CAT is a cat with a taste for the finer things. She has no tolerance for nonsense, and she hates being interrupted during her “periods of immersion,” during which she attempts to lose herself in an artistic work. She often writes about paintings that speak to her especially loudly, which is the premise of this project. Cat doesn’t know quite as much about art as her supercilious nature lets on, and she often abandons her artistic analysis to vent about the “great tragedies” of her life. She belongs to Mr. Langston, though Cat rejects the idea that she is “owned.”
BARTHOLOMEW is a pet canary that lives in a cage in Mr. Langston’s living room. Simple-minded and curious by nature, Bartholomew often gets on Cat’s nerves by asking questions and singing songs. Exceedingly sweet, Bartholomew aims to please Cat and especially Mr. Langston, but his childish “naiveté” is something for which Cat shows no patience. Bartholomew has a massive capacity to forgive, as evidenced by his willingness to sweep under the rug the many times Cat has attempted to eat him during Mr. Langston’s absence. Cat struggles with her urges to eat Bartholomew, thinking she is too sophisticated for such primal behavior.
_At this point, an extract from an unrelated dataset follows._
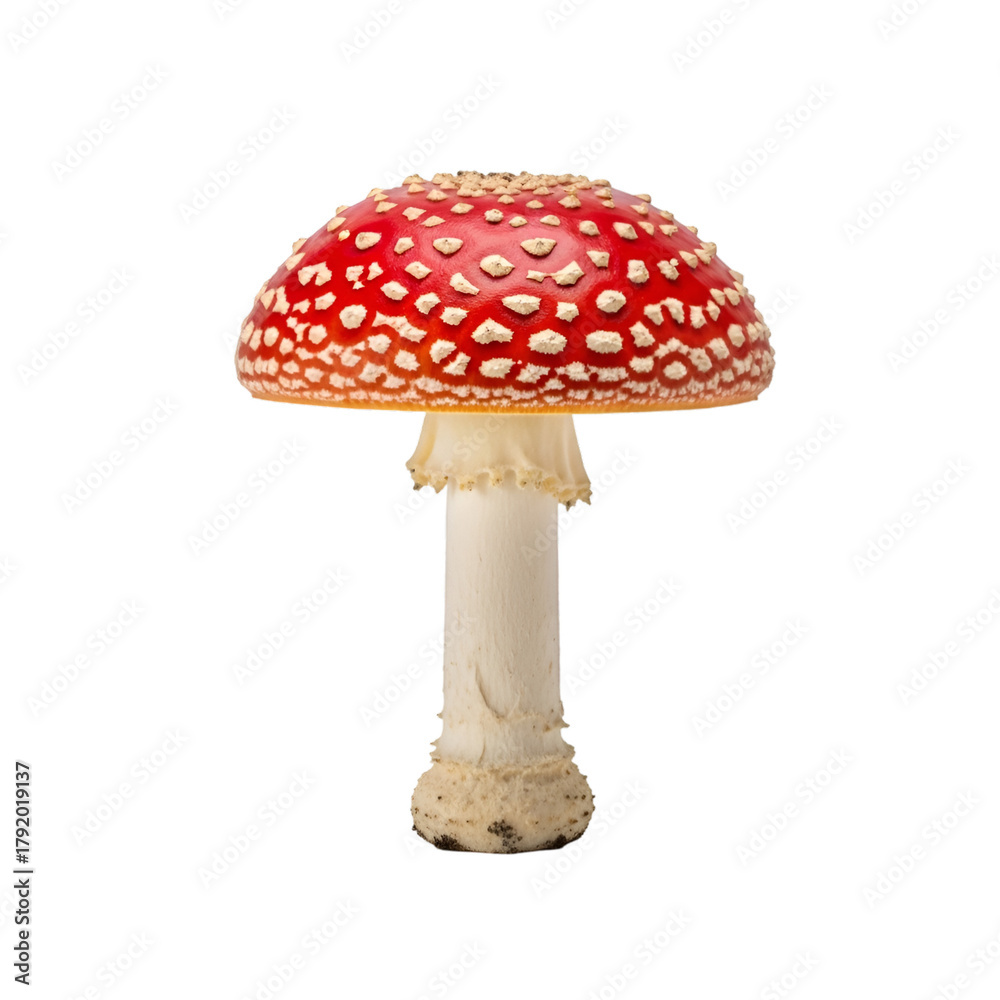 Obraz premium Vibrant red and white spotted mushroom, a striking natural specimen ready for educational and design projects.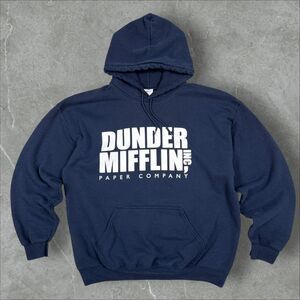 Y2K The Office Dunder Mifflin Paper Company Spellout Logo Hoodie - Large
MR. LANGSTON sells real estate, though he’s too good-natured and forthcoming to be effective in his work. Dim-witted but a surprisingly responsible pet owner, Mr. Langston shows nothing but love for all animals. He welcomed Cat into his home as a stray, a gesture toward which Cat shows no gratitude. Though he and Bartholomew get along famously, Mr. Langston also shows unbridled affection for Cat, often ignoring her perpetual standoffishness and dismissing her behavior as mere “crankiness.” Like Bartholomew, Mr. Langston has a penchant for irking Cat, especially when he refers to her “periods of immersion” as “playtime.”